Saved in Peacetime, Protected in Wartime
Chester recounted,
“My folks taught me to reverence God, and that there was a Heaven to gain and a Hell to shun. They told me of many of the grosser sins of life, and that you can’t do those things and make Heaven your home. They also told me about being born again. I knew that I didn’t have that experience, but the Lord showed me that was what I needed.
“I called myself a Christian, but as the years came and went, the more unhappy and miserable I became. When I was about seventeen or eighteen years old, some [church] workers came over the mountain in the wintertime, when the snow was on everything, to hold meetings in the little community where we lived back in the hills. And the more I heard of that Word, the more conviction settled down on my soul. God was faithful, and He showed me what was wrong. I needed a change of heart! As I would go about my work, something seemed to be saying over and over again, ‘Except you make your peace with God, you’re lost—eternally lost!’
“Well, I began to pray. Out in the barn one morning, where I had gone to feed the animals, I got down on my knees and called upon God from the very depths of my soul. That morning I felt like I was the worst sinner that had ever lived. I said, ‘Oh Lord, save me, a sinner,’ and I promised the Lord if He would save me, I would serve Him the rest of my life. I don’t recall all I said, but right then the glory of the Lord came down. It seemed like a beam of light just pierced through that old shake roof, and went down to the depths of my soul. Every bit of condemnation, every worry, every care was gone, and the joy of another world filled my soul. I was as happy and free as the birds of the air! There was wave after wave of joy, and I had that sweet assurance that I was a child of the King.”
During World War I, when Chester was about twenty-five years of age, he went into the military. He described how he and a group of other soldiers completed their training and prepared to head overseas, recounting,
“We went down into New York, right down in the light of the Statue of Liberty. The light up there just lit the bay all up. There were fourteen boats in our flotilla. We got together that night, and the next morning, bright and early, we started out. A bunch of them were seeing us off: planes and big zeppelins went out a little way with us and then turned around and went back. One gun boat, a big man o’ war named the USS San Diego, went with us about three days toward the other side.”
Their flotilla continued across the Atlantic Ocean until they were close to Europe, where the vessels separated and sailed to different destinations. The men on Chester’s ship disembarked in Scotland for further training before traveling down through England and across the English Channel to Le Havre, France.

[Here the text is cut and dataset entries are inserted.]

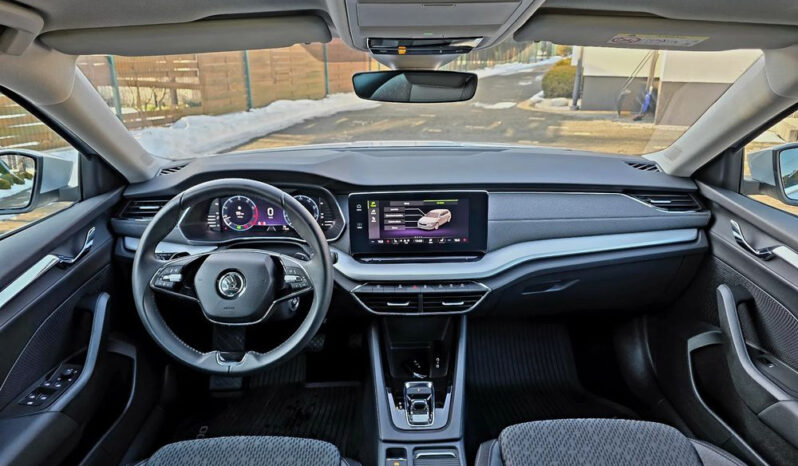 Skoda Octavia 1.5 TSI e-TEC DSG Style full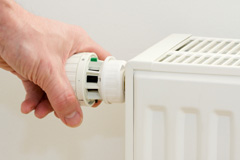 Crosswell central heating installation costs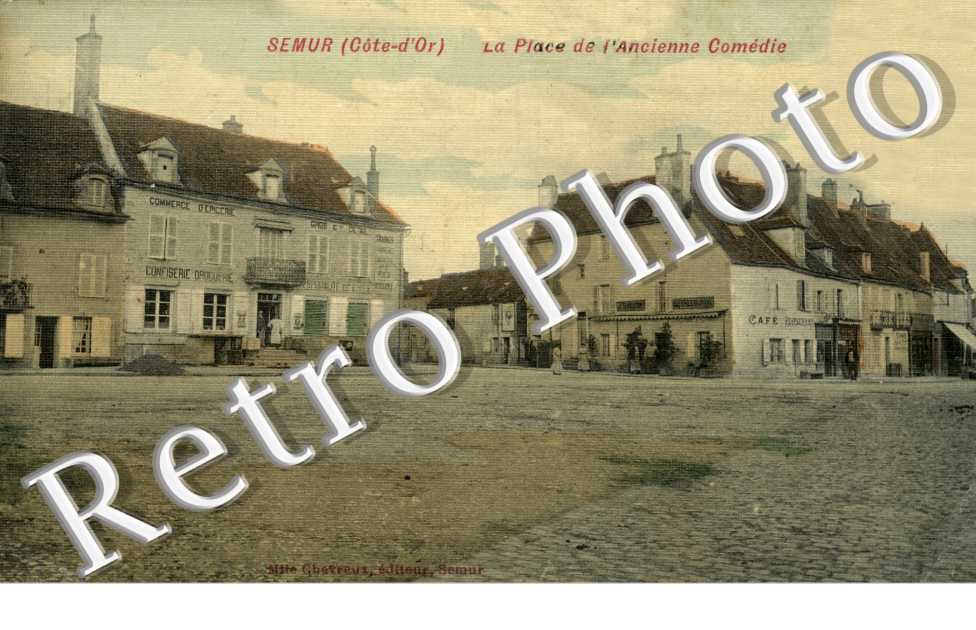 la place de l'ancienne Comedie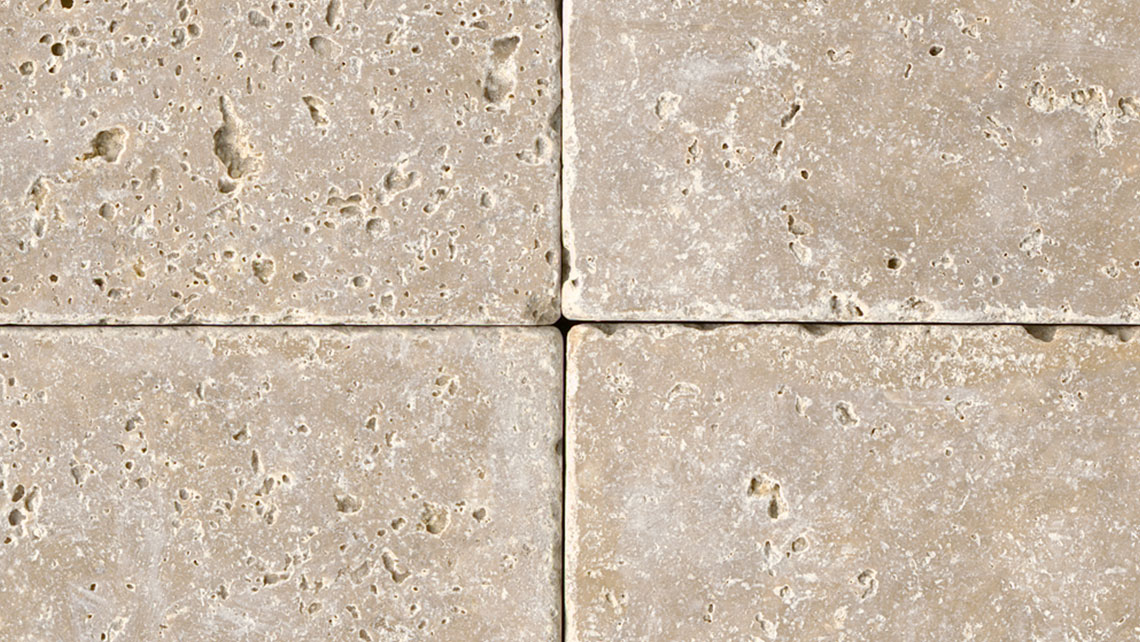 TRAVERTINE ANTIQUED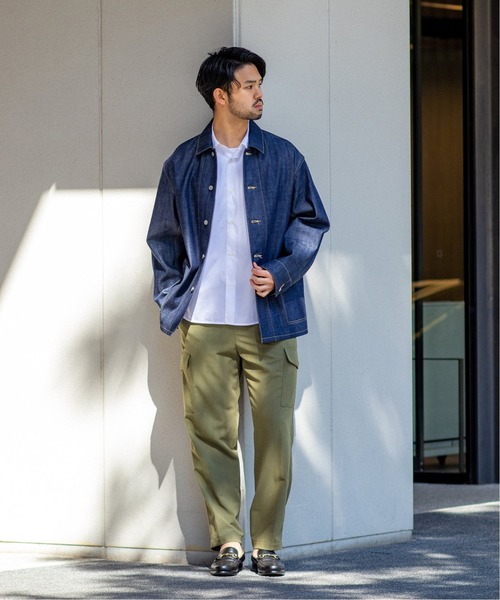 EDIFICE（エディフィス）の「Thick count シャツ（シャツ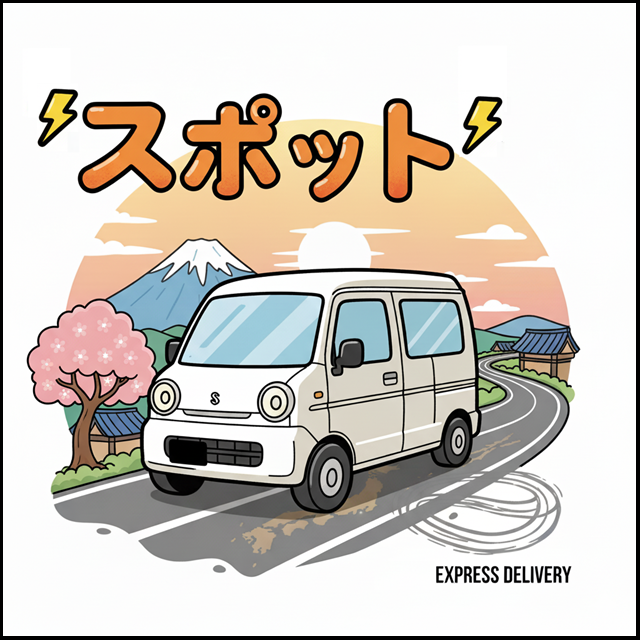 スポット便2 - 640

In October, his unit was called to the front, and by the time they got there, cold weather had set in. He related,
“We just had our light underwear, and we began to feel the cold pretty strong. We had to dig in, and I just about like to froze. We would dig a hole wide enough for two. We had oversize caps inside our helmets, and to sleep, we would pull them down over our heads and put our heads right up in the helmet, then butt the helmet up against the bank. That would act as a pillow. I never had my shoes off for two weeks and my socks just about growed to my feet.”
He described the night before they were to move to the front lines in the Argonne Forest, saying,
“The boys were waiting for daylight to come. There was cursing and carrying on, but I felt like I wanted to pray. I would look away to the star-lit sky; it seemed so peaceful up there. Down below was such turmoil.”
He told the Lord that if it was His will, he knew God could see him through safely. Right there the Lord dropped a promise into his heart, “A thousand shall fall at thy side, and ten thousand at thy right hand; but it shall not come nigh thee” (Psalm 91:7). He related,
“I felt the mighty arm of God bared in my behalf.”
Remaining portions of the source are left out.